***** INFORMATION SHOWN *****

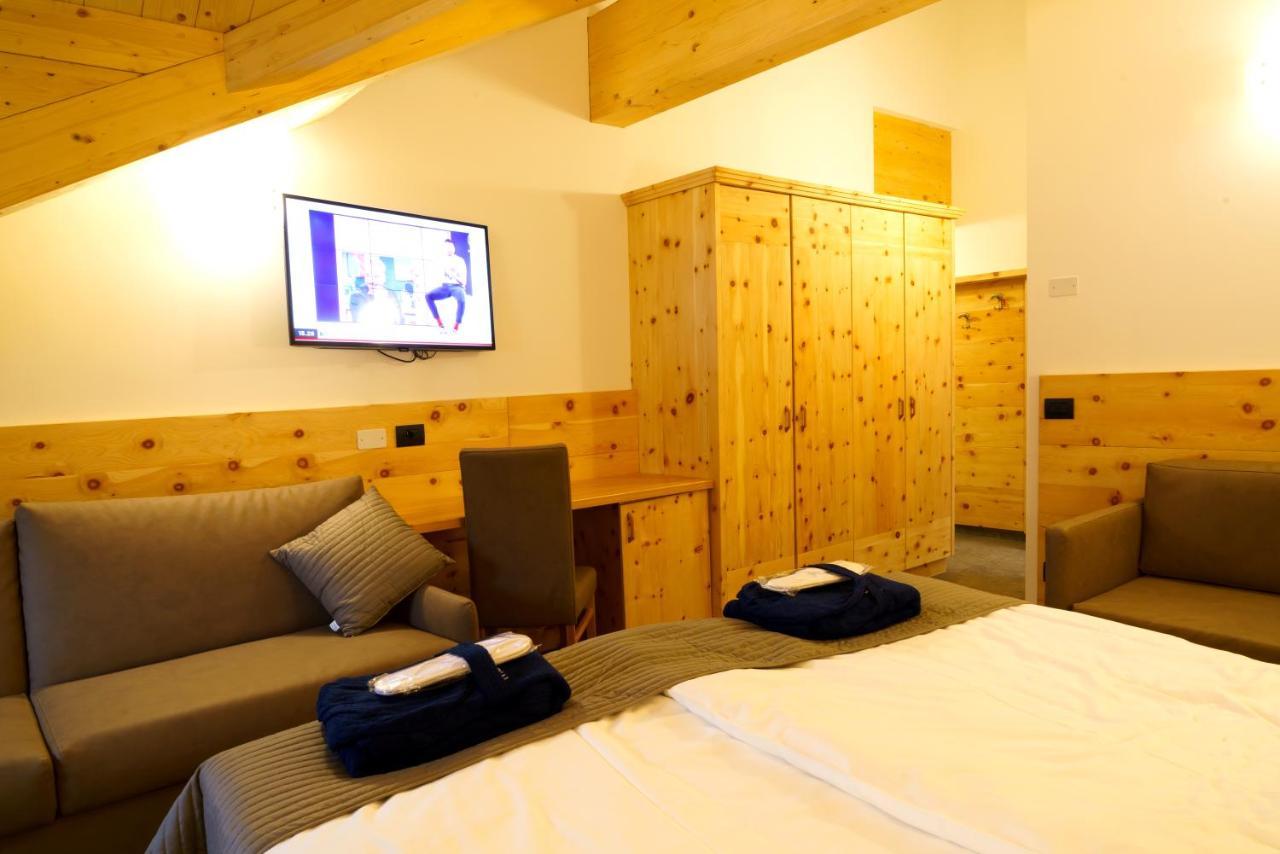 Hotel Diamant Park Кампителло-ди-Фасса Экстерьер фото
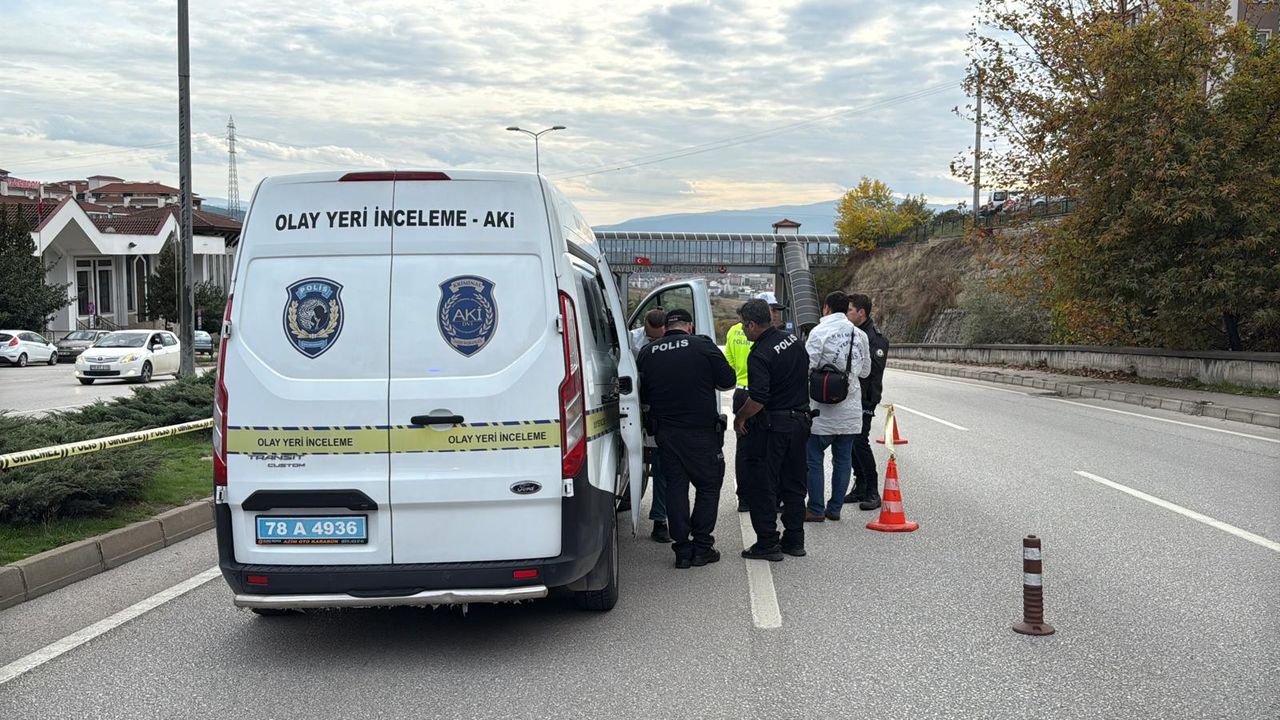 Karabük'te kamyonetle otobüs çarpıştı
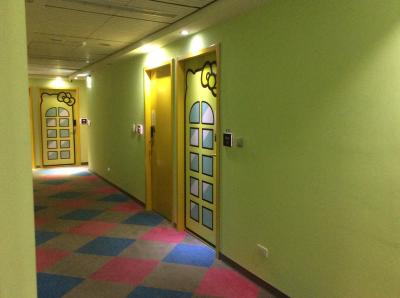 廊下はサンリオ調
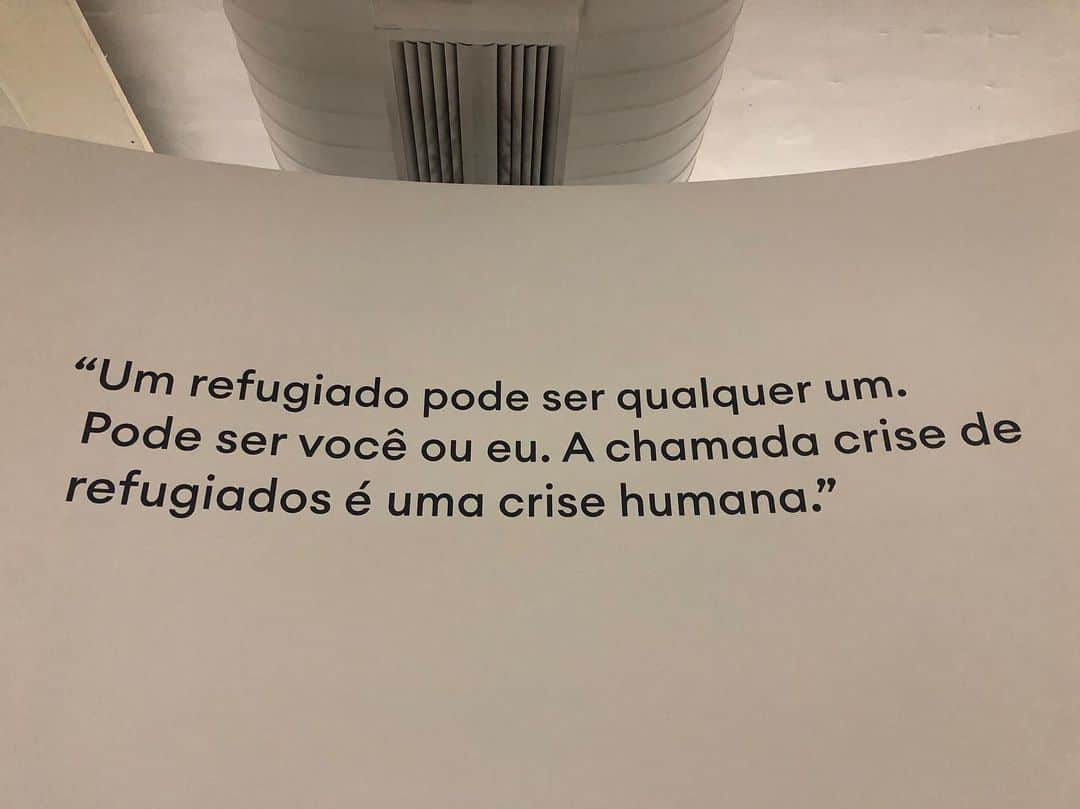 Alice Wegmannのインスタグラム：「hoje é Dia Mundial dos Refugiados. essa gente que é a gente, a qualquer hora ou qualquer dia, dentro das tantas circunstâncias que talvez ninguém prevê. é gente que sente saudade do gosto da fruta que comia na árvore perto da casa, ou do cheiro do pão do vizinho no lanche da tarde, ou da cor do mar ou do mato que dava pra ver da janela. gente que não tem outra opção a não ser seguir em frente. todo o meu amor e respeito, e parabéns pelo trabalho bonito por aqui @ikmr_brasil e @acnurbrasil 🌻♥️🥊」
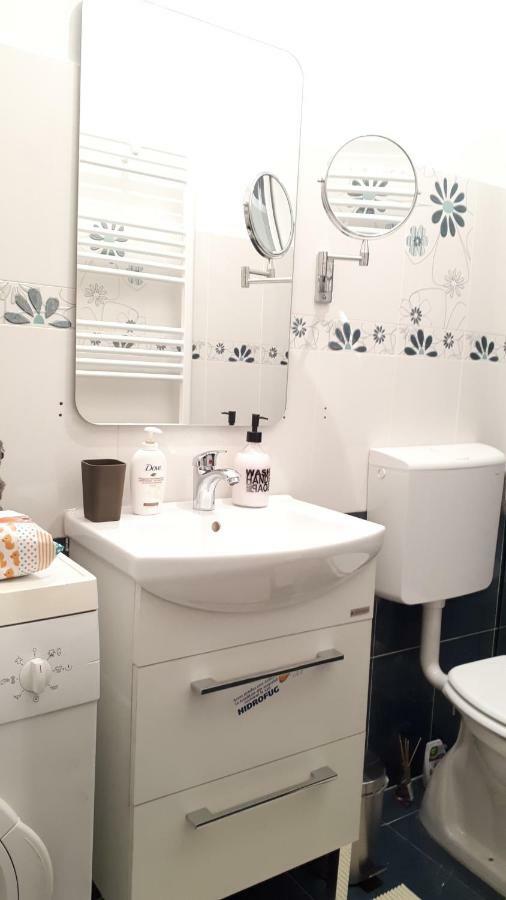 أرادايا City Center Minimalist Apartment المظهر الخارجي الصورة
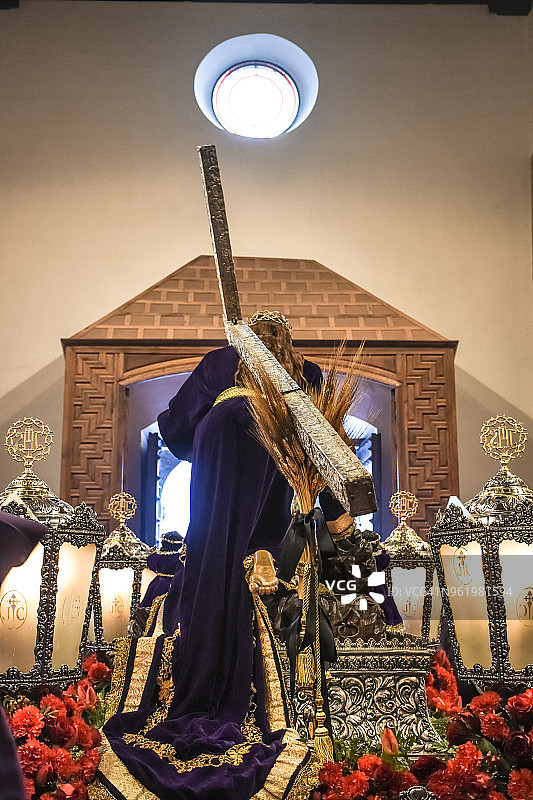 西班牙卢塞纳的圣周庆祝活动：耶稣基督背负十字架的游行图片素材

*****
***** INFORMATION SHOWN *****

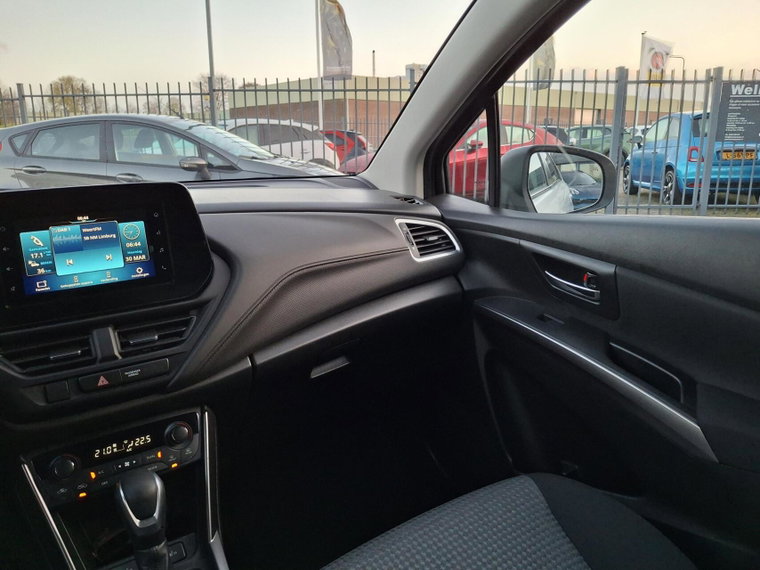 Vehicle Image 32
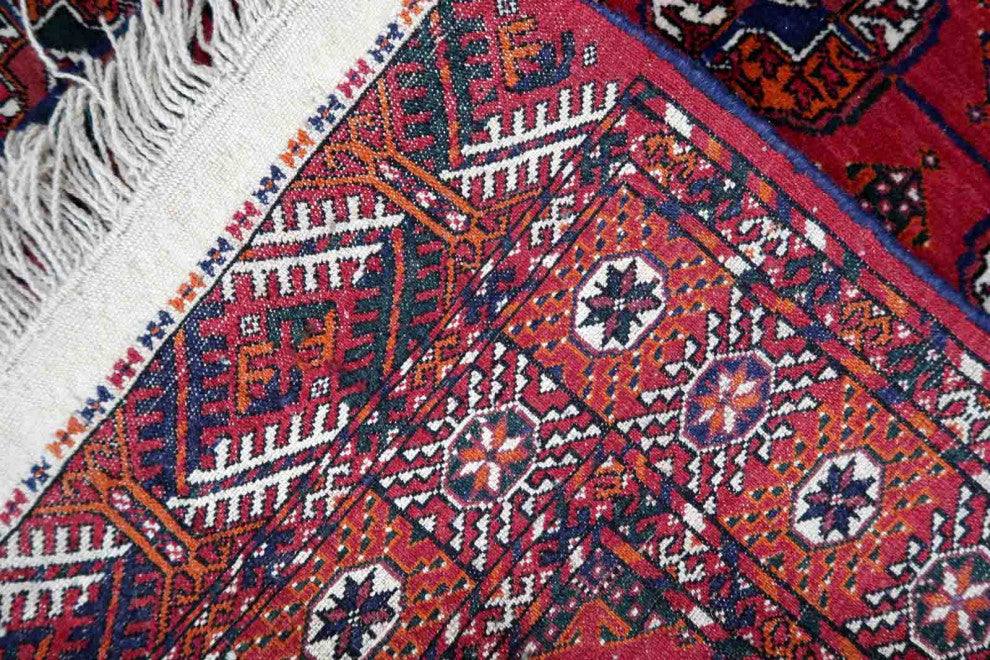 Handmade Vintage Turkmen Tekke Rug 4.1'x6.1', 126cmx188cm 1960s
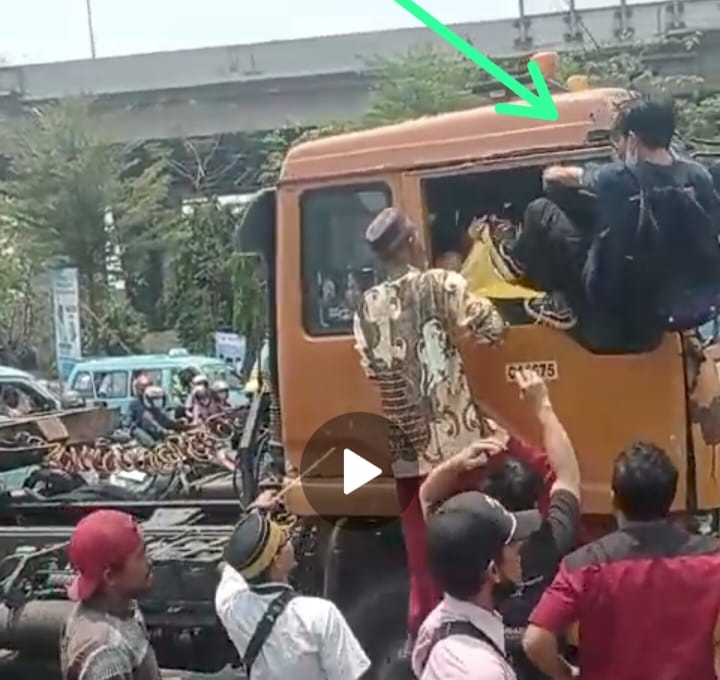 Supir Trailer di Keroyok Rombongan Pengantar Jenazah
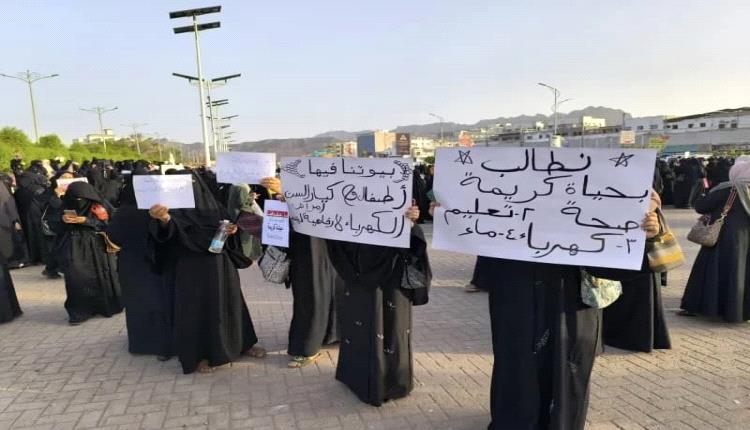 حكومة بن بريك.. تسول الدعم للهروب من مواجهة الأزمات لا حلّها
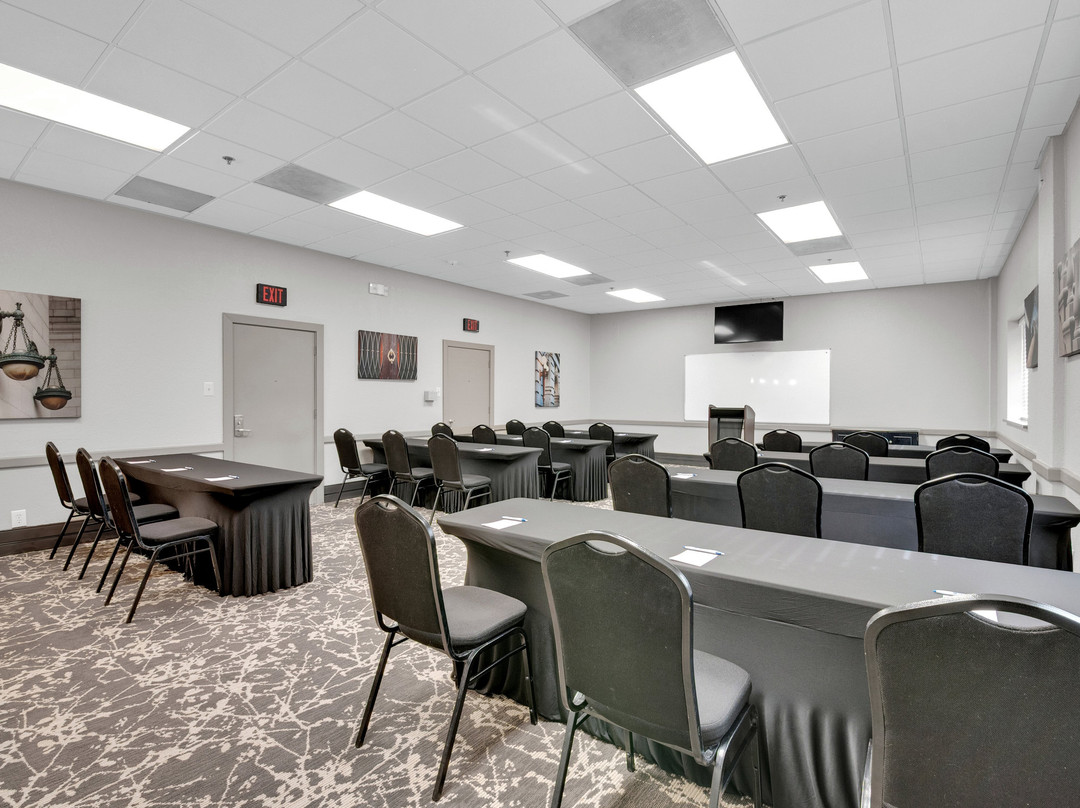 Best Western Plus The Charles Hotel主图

*****
***** INFORMATION SHOWN *****

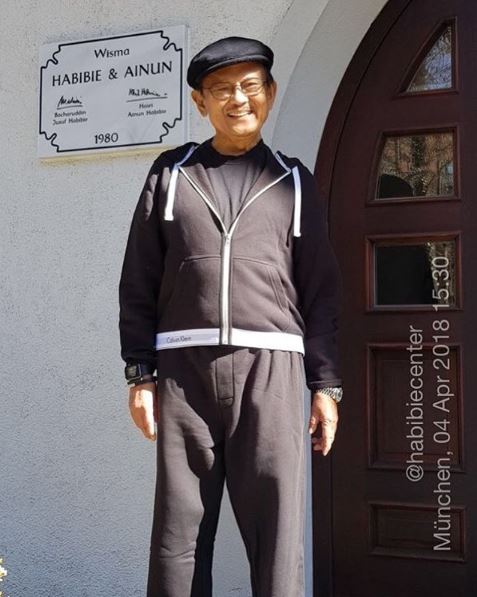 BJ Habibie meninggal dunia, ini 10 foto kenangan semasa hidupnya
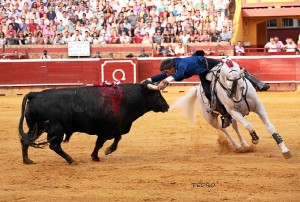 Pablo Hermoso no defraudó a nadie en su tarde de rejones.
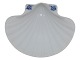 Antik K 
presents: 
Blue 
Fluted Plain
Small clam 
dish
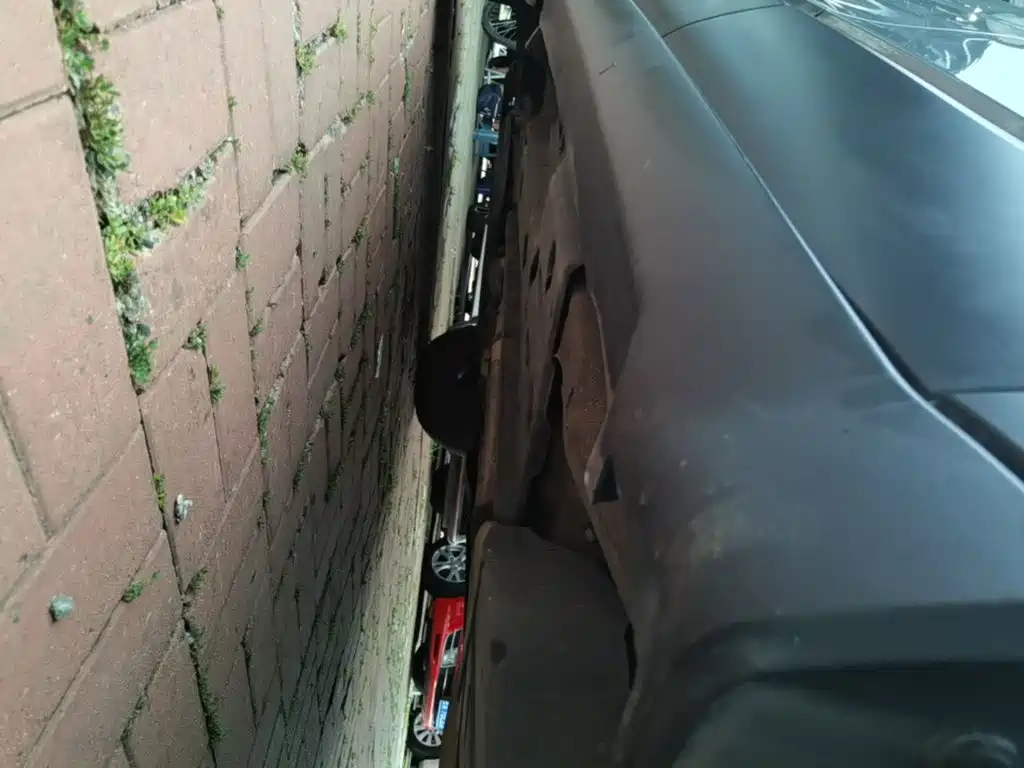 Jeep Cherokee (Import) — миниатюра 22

*****

* _EXERCISE_
Begin at the line in the entries above that has "حكومة بن بريك..", stop after the line that has "Best Western Plus The Charles Hotel主图", and output exactly those lines without pictures.

* _TASK RESPONSE_
 حكومة بن بريك.. تسول الدعم للهروب من مواجهة الأزمات لا حلّها
 Best Western Plus The Charles Hotel主图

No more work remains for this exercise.